Need of biogas plants

Opposite to recyclable waste, the general treatment of organic and biodegradable matter – comprising minimum 50 percent of the municipal solid waste – stayed in dispute. In 2008, scientists suggested in a study a theoretical amount of organic waste reaching 1 million tons per year, leading to the production of about 0.5 million tons of compost every year. Composting was then estimated as the “suitable solution“ for the organic fractions of municipal solid waste. In 2014, another comprehensive study analyzed a number of waste-to-energy technologies and found a combination of dry anaerobic digestion with biogas capture and gasification to be the best. By anaerobic digestion, the bio-generator could obtain biogas from the biodegradable fraction, followed by two different processes: one stream recovered by a composting process, the other pretreated for recovery and recycling of materials and then sent to a gasification plant.

However: Cuba then discovered a great demand for the treatment of organic waste. In June 2015, the online-magazine E&E news reported Cuba having 1,818 biogas digesters and a need of additional 7,000. And the vice minister of the Ministry of Energy and Mines, Raúl García Barreiro, underlined the general need of “500 industrial-sized biogas plants using the residue of distilleries, canning factories, sugar mills, slaughterhouses and pulping factories“.

Opportunities for foreign investment

In November 2014, the Cuban Minister for Foreign Trade and Investment, Rodrigo Malmierca, provided a list of 246 projects looking for foreign financiers. According to him, all ventures included some sort of feasibility studies to ease the transaction. But the investors stayed expectant, especially as the capital expenditure requirements were partially unclear. In contrast, the official “Cuba Portfolio of Opportunities for Foreign Investment 2015“ offering “Cuba: A Place for Foreign Investment“ marked a further step to market opening. Concerning main products for the domestic and export markets, the paper had to admit that Cuba is “distinguished by our comprehensive system of recycling scrap metal and non-metal waste that adds value and allows us to reduce the costs of our products“. But it “invites foreign investment to develop and update its technology and to achieve productivity and competition levels for its products according to international standards and thereby increase its exports“.
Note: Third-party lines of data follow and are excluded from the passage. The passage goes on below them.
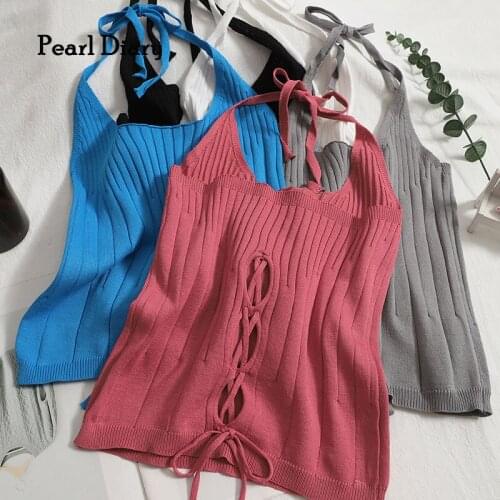Pearl Diary Women Knitting Crop Tops Ladies Halter Neck Knitted Tops Bow Tied Back Lace Up Sexy Summer Backless Solid Color Tops
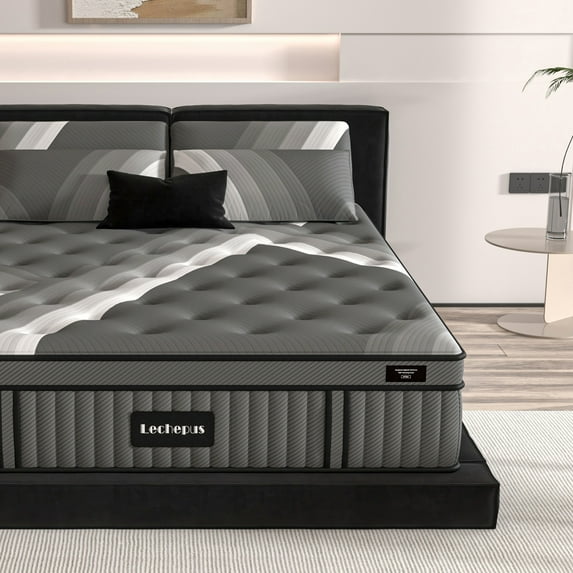 Lechepus 14 Inch King Plush Mattress in Box, Supportive Memory Foam King Size Hybrid Mattress Sleep Presssure Relief, Individual Pocket Spring Mattress Bed, CertiPUR-US Certified
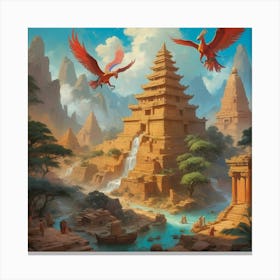 Asian Ruins Art print paintings Canvas Print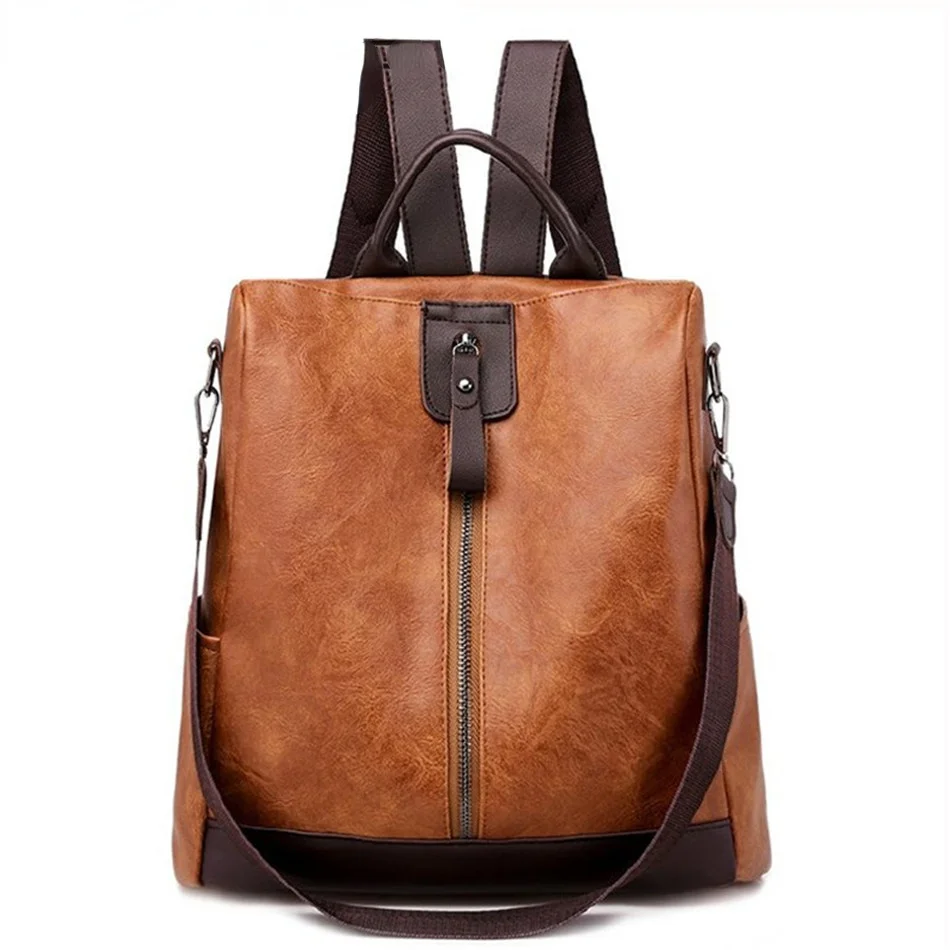 

Vintage Female Leather Backpack Multifunction Women BackPack Anti-theft School Bags For Girls Travel BackPack mochila feminina배낭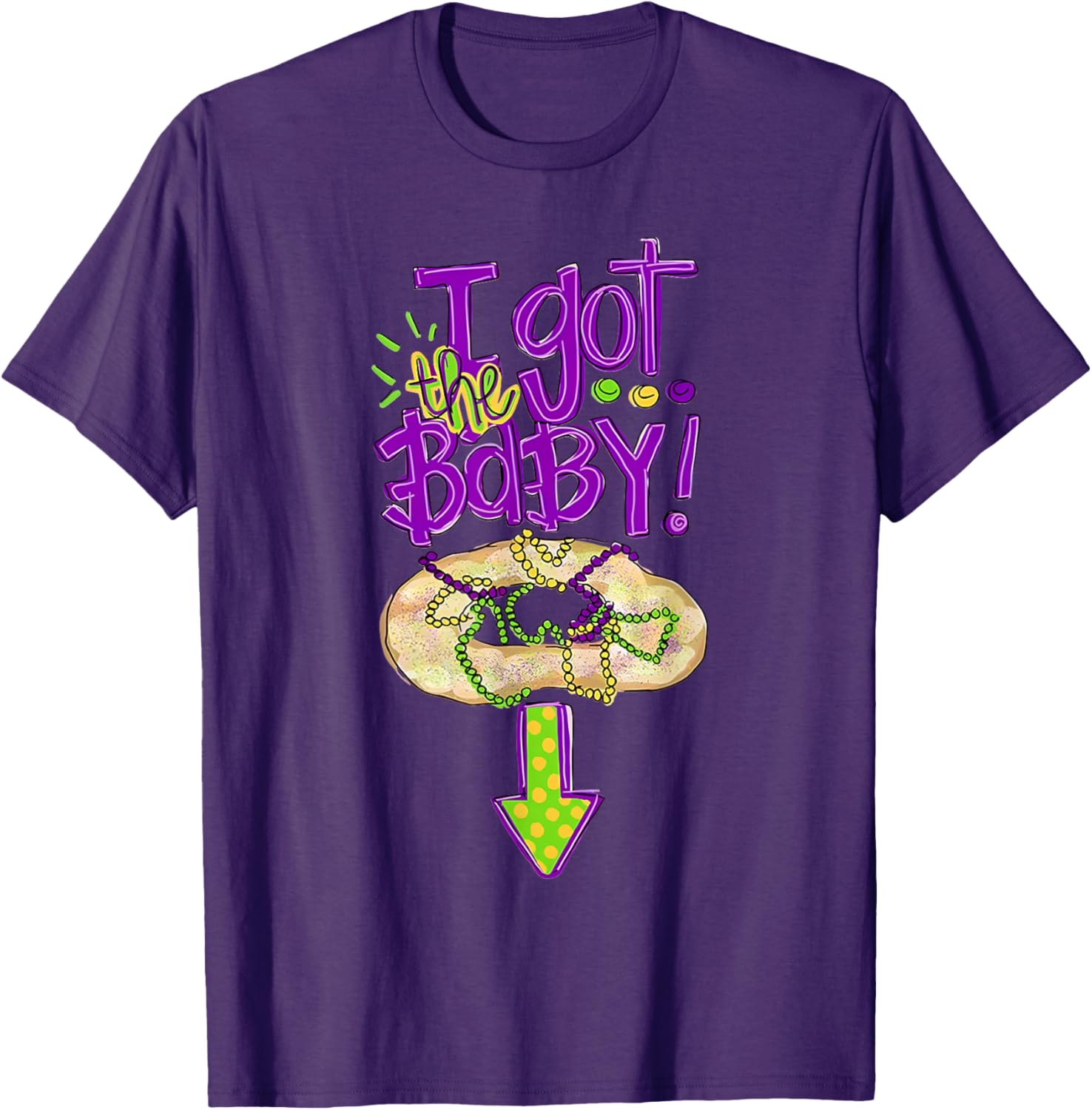 Baby Mardi Gras King Cake Reveal T-Shirt for New Orleans Celebrations - 28
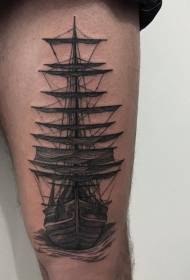 Tsarin bakin ciki mai zurfi na baki babban babban sailing tattoo tsarin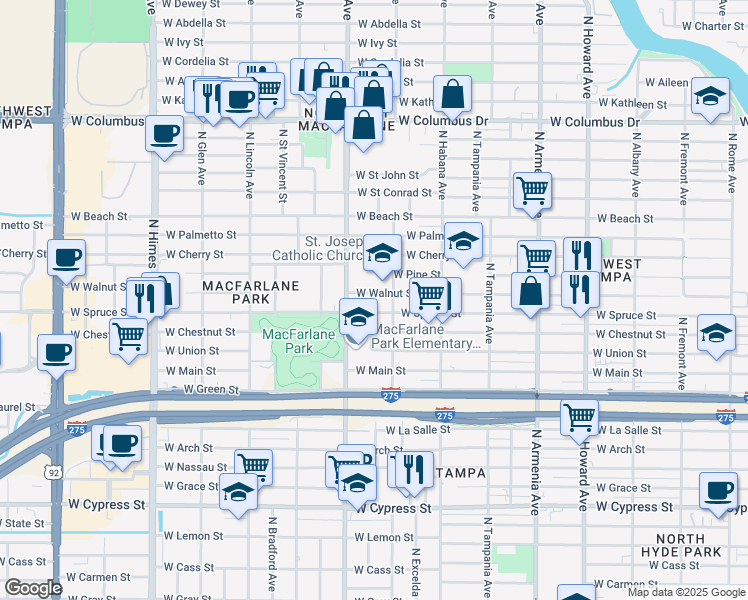 map of restaurants, bars, coffee shops, grocery stores, and more near 3026 West Walnut Street in Tampa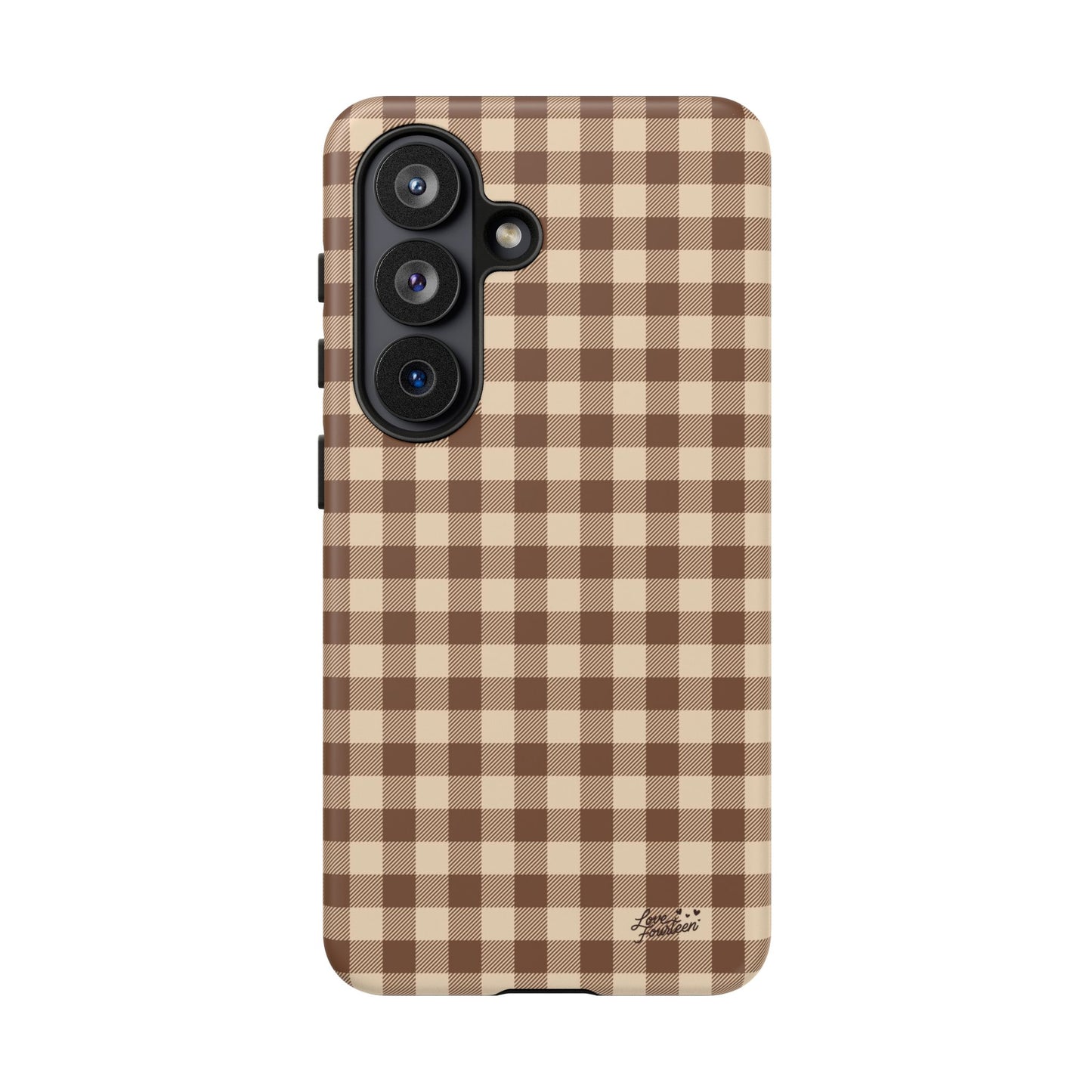Mocha Gingham Samsung Galaxy Phone Case - (Free U.S. Shipping)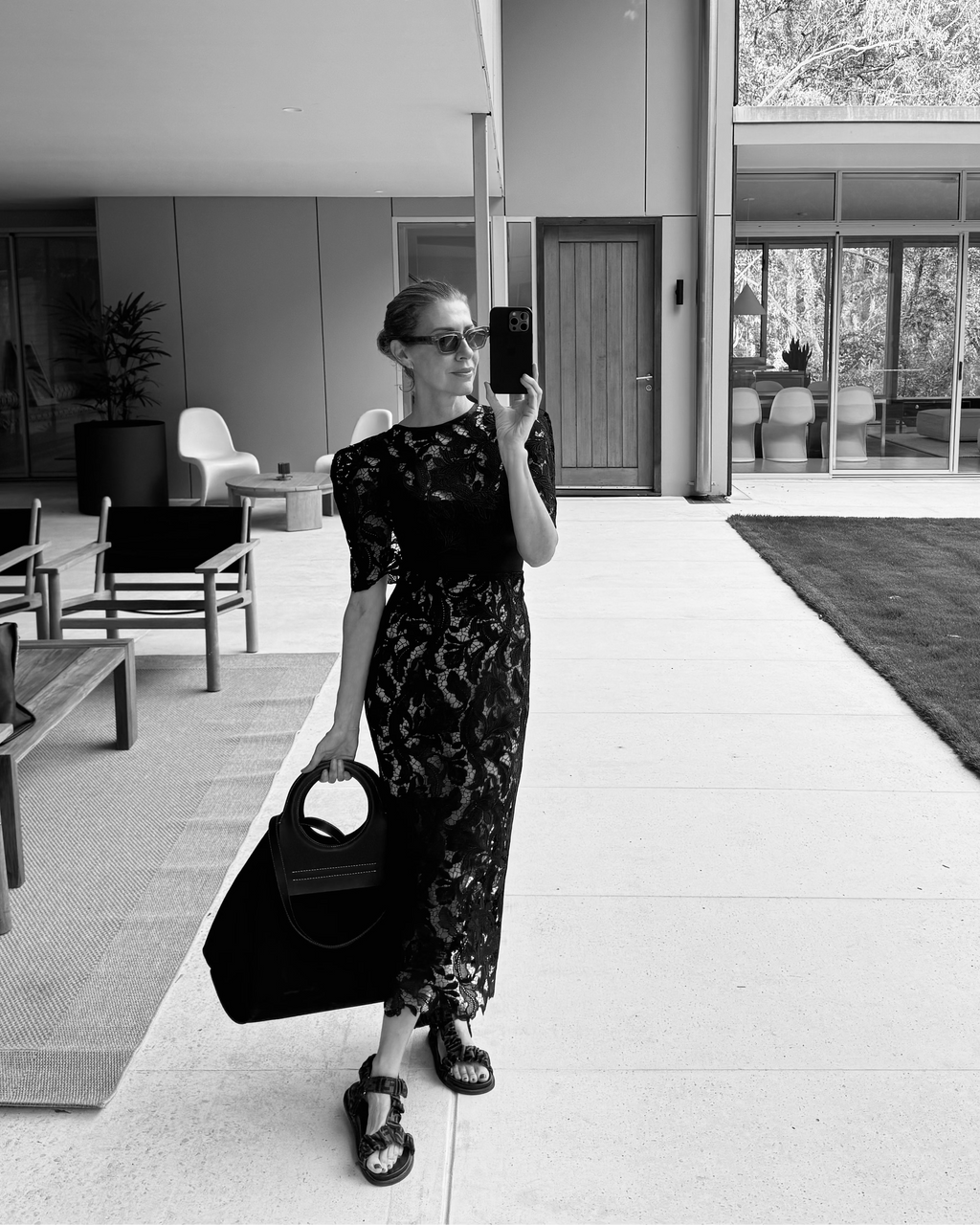 Florentine Lace Midi Skirt / Noir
The “portfolio“ offered even more. The “metal / mechanical business group“ consisting of the three fundamental sectors – metalworking, recycling and mechanical/machinery production – was seeking strategic alliances: It is “prioritizing investments associated with steel and container production, products for agriculture, transportation, production and rational use of energy and the manufacture of consumer goods, etc.“. And the implementation of a “Solid urban waste handling integrated system“ wanted not only to gradually reduce total volumes of generated waste to minimum levels, but also to build plants to generate electricity and heat and produce organic fertilizers – second raw materials for the domestic market. The estimated investment of this joint enterprise: one billion US-Dollar, in the first phase with fixed capital of 401.2 million US-Dollar to be undertaken in Havana.

Growing demand of foreign investors

The demand of foreign investors began to grow. In March 2016, the Swedish Trade & Invest Council reprinted the conditions of the above-mentioned “Solid urban waste handling integrated system“ in its “Business Opportunities for Swedish Companies in Cuba“. And in June 2016, the Cuban News Agency reported that Cuban authorities were analyzing proposals from 28 foreign companies willing to invest in a management project of urban solid wastes generated in the country. Orlando Lopez, specialist of Industrial Policy Board of the Ministry of Industries, underlined “that the requests for investments came mainly from European nations and Canada“.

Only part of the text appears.